A few bugs later, I noticed that ratings lookups where failing silently as it was attempting to process all my games. The code was hitting the wrong MobyGames API URL entirely, and even after fixing the URL, the field containing actual ratings wasn't being included in the request - should have read the manual. It also turned out ratings in MobyGames are stored per-platform, so you can get different PEGI values for PC vs console. The solution was to take the mode across all platforms - reasonable, but not something the spec had anticipated. Steam game titles also don't match MobyGames titles reliably, so search was silently returning no results until the input was sanitised.
The Steam collection sync didn't work either.
The code wrote a clean dictionary to Steam's collection file.
What Steam actually expects is a list of [key, entry] pairs - a specific quirk of how Valve serialises their data.
This was another silent failure. Flatpak Steam also wasn't detected; the code only checked the native ~/.local/share/Steam/ path.
There were TUI bugs too: the cursor jumped back to row 1 after any screen redraw, columns didn't reflow so content was truncated at the edge, the Enter key was swallowed by the DataTable widget before the app could handle it, and Enter on match-selection modals didn't work either.
It was silent failure after silent failure that frustrated me the most.
In total, across a couple of hours and a dozen or so rounds of "find bug, describe bug, apply fix, test again", the tool got to a point where it worked reliably. I pushed over 200 games to my son's profile. Success!
Total time invested so far: 2 hours, 12 minutes.
Phase 4: Ship It!
I had Claude write unit tests, move from pip to uv, add Github Actions. I instructed it to make an mkdocs site, add a "demo" mode, and capture screenshots for use in the docs.
Total time invested: 3 hours, 30 minutes.
The Finished Product
F1 fetches your library, F2 enriches games with age ratings from MobyGames, F3 manages child profiles and syncs filtered collections to Steam.
Games the auto-matcher couldn't confidently rate are surfaced in a separate view - you can search MobyGames interactively, set a rating manually, or skip a game entirely.

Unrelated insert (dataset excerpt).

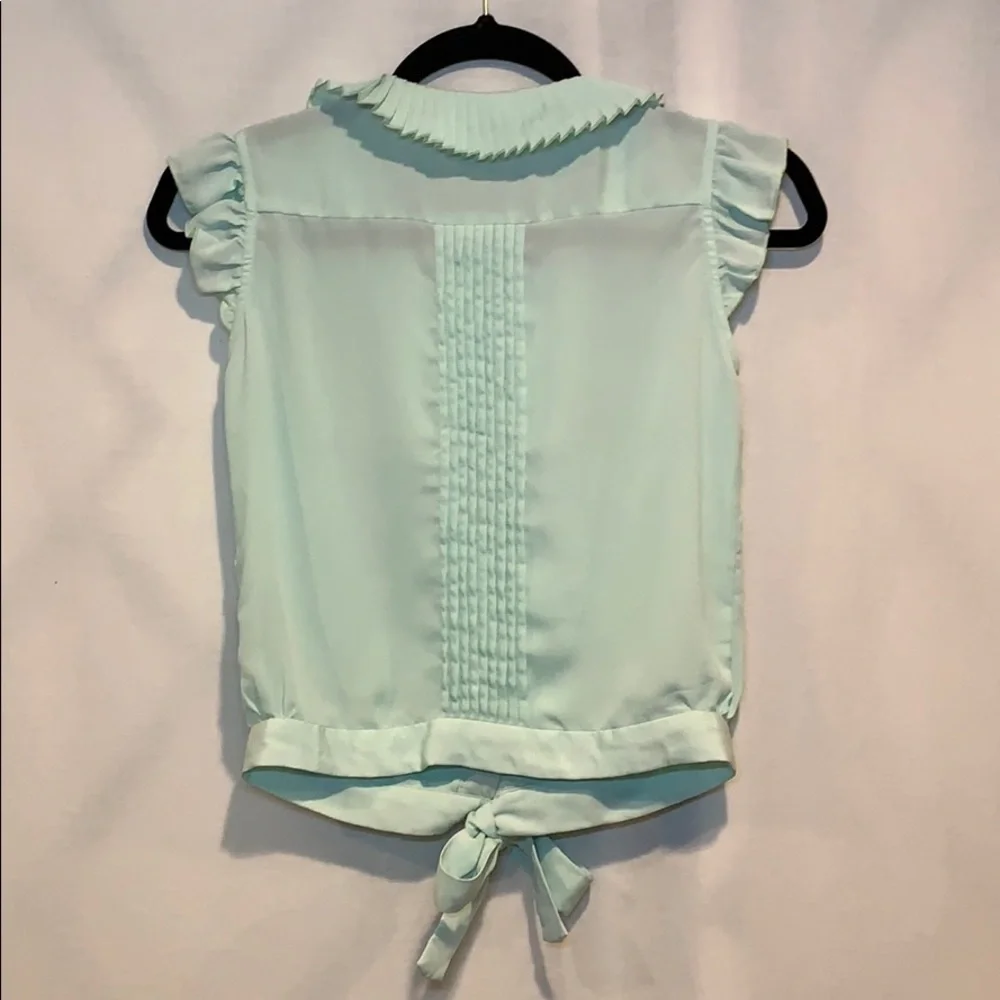 80’s Vintage Cap/Fluttered Sleeve Blouse - Picture 2 of 5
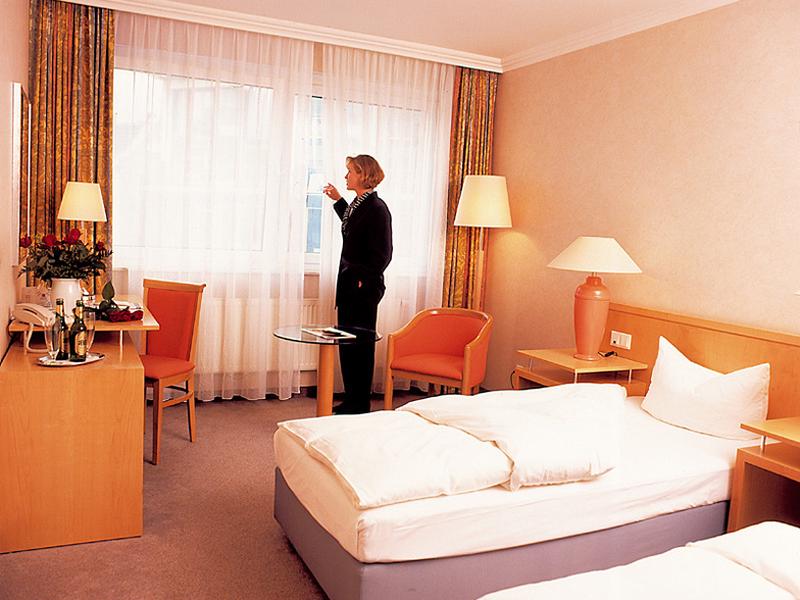 5E15B78093F2C9007820F9CC7E0F621E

Each child gets a profile with a maximum age threshold. The app filters the rated library, lets you review the result, and pushes it to Steam's cloud storage with a backup created beforehand.
Changing the world in 3hrs 30mins
AI was clearly an accelerator for this little project.
I work in Go and Rust day-to-day and haven't touched Python properly in over a decade. A Python TUI app consuming two external APIs would have been a multi-week project - instead it took hours. The tedious parts got compressed but the thinking parts didn't.
That's the honest version of AI-assisted development: it removes friction but not judgment.
What I learned from the amount of rework in Phase 3 was that my plan wasn't detailed enough.
I should have:
- Been explicit about the scaffolding I was expecting (uv, ruff, CI etc...)
- Included instructions to follow test-driven development rather than adding tests after the fact
- Asked for "demo mode" and screenshots as part of the acceptance criteria
- Provided mock responses from the Steam and MobyGames APIs - this would have improved accuracy and could have been used for integration tests
I've since been reading about structured planning skills for coding agents that help with exactly this kind of spec work. I intend to try them on the next project and see whether tighter upfront structure reduces the QA cycle.
The code is at github.com/dave-tucker/steam-family-collections, with full installation and usage instructions in the docs. If you have a large Steam library and kids, give it a try.